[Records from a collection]

#####

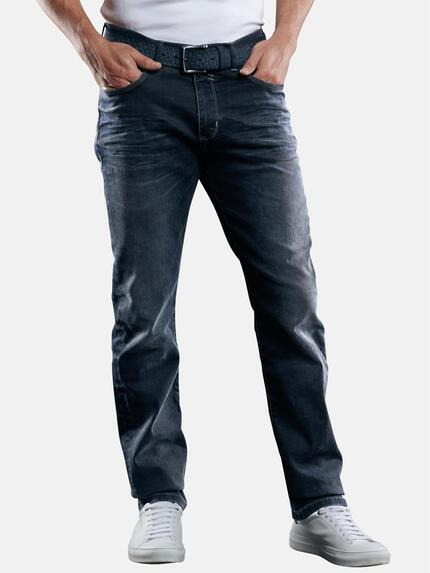 engbers Jeans 5-Pocket Superstretch Indigoblau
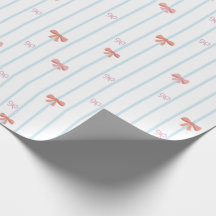 Söt randig presentpapper med band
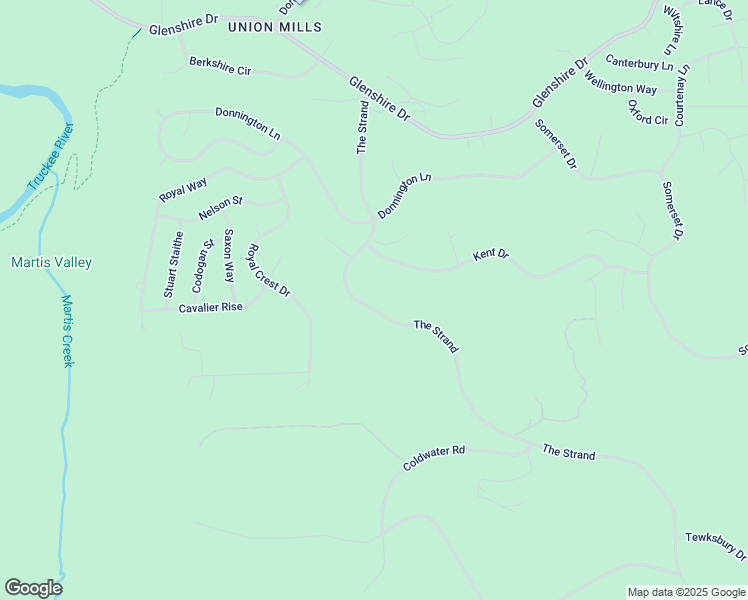 map of restaurants, bars, coffee shops, grocery stores, and more near 10513 The Strand in Truckee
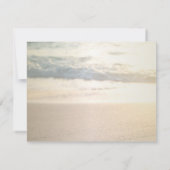 Invitation Mariage plage, Lights Rehearsal Seashell Diner (Dos)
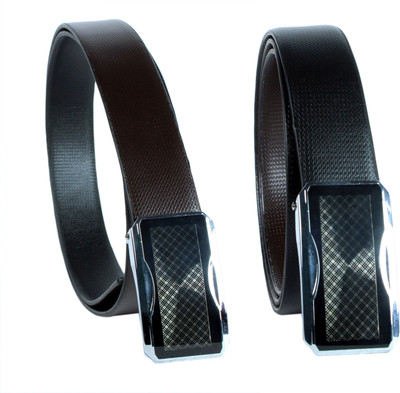 

Revo Men Formal Black, Brown Genuine Leather Reversible Belt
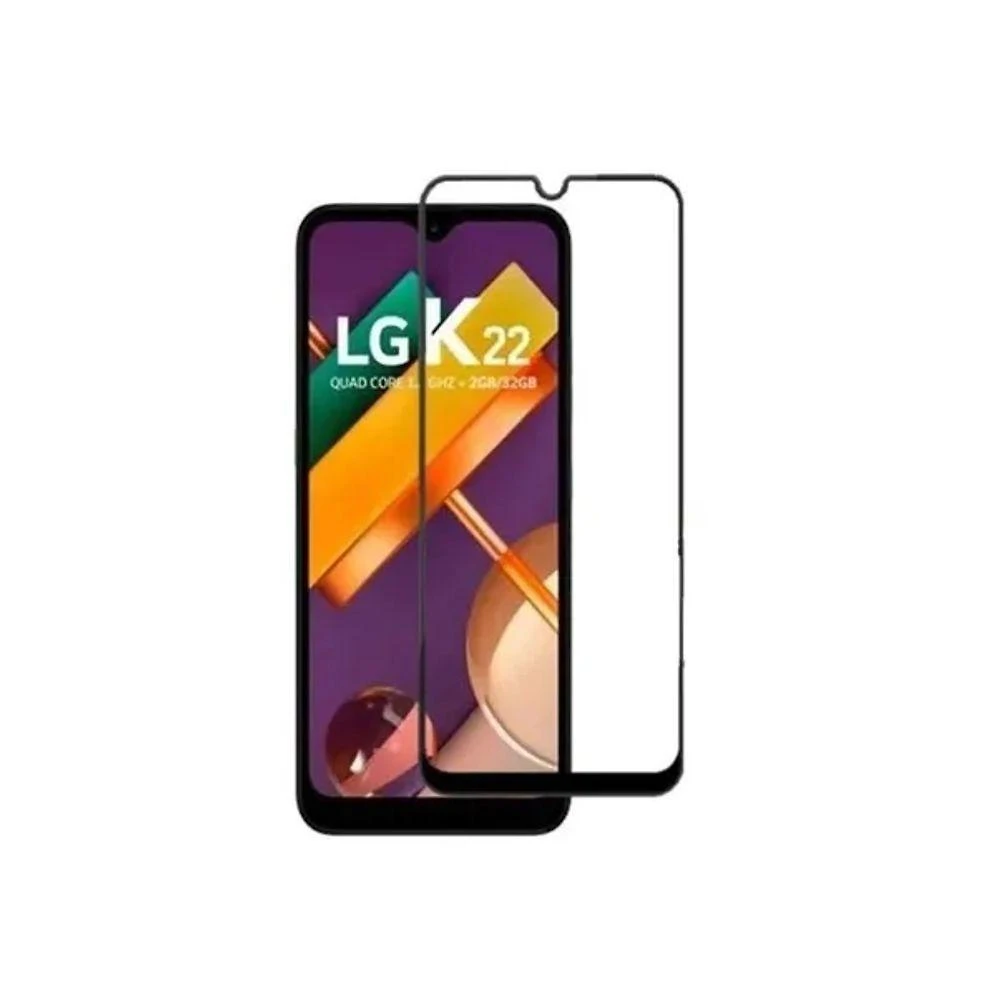Película De Vidro 3d 4d 5d Para Lg K22 - Cor Preta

#####

*DESCRIPTION OF THE TASK*. All lines above from the one containing "Söt randig presentpapper med band" up to and including the one containing "Revo Men Formal" are to be set down exactly, and nothing else. Leave images out.

*THE ANSWER*.
 Söt randig presentpapper med band
 map of restaurants, bars, coffee shops, grocery stores, and more near 10513 The Strand in Truckee
 Invitation Mariage plage, Lights Rehearsal Seashell Diner (Dos)

Revo Men Formal Black, Brown Genuine Leather Reversible Belt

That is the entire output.